Exercise requirements: From the entries below, retype only the lines from the one with "6-Drawers Rattan Storage" through the one with "cm – poza 8", exactly as written.

Data under study:
^^^^

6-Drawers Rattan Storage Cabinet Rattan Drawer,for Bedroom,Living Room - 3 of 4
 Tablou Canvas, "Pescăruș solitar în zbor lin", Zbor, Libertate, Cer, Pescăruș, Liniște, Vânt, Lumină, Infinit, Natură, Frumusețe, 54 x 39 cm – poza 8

^^^^

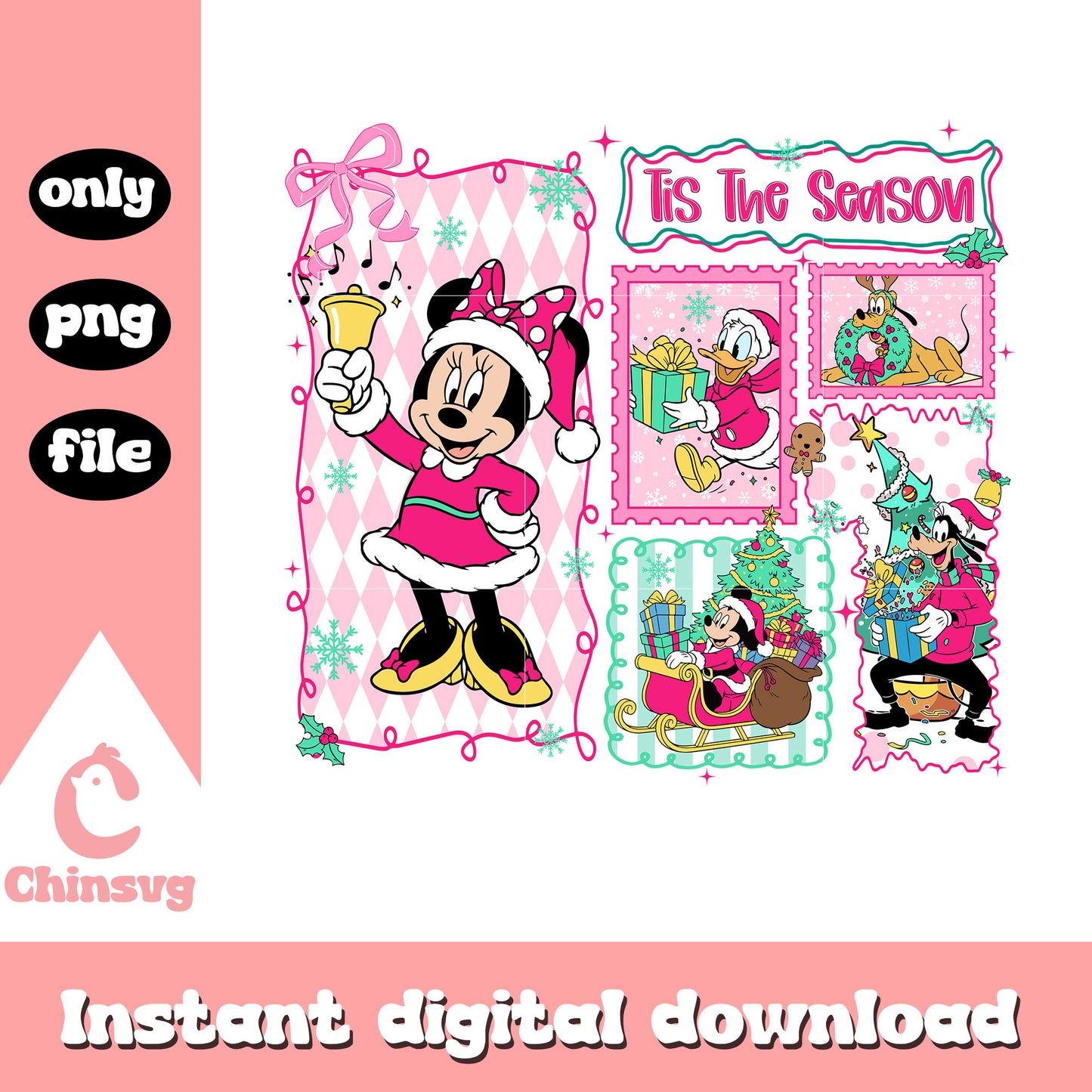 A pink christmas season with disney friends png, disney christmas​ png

^^^^

Solution below:
6-Drawers Rattan Storage Cabinet Rattan Drawer,for Bedroom,Living Room - 3 of 4
 Tablou Canvas, "Pescăruș solitar în zbor lin", Zbor, Libertate, Cer, Pescăruș, Liniște, Vânt, Lumină, Infinit, Natură, Frumusețe, 54 x 39 cm – poza 8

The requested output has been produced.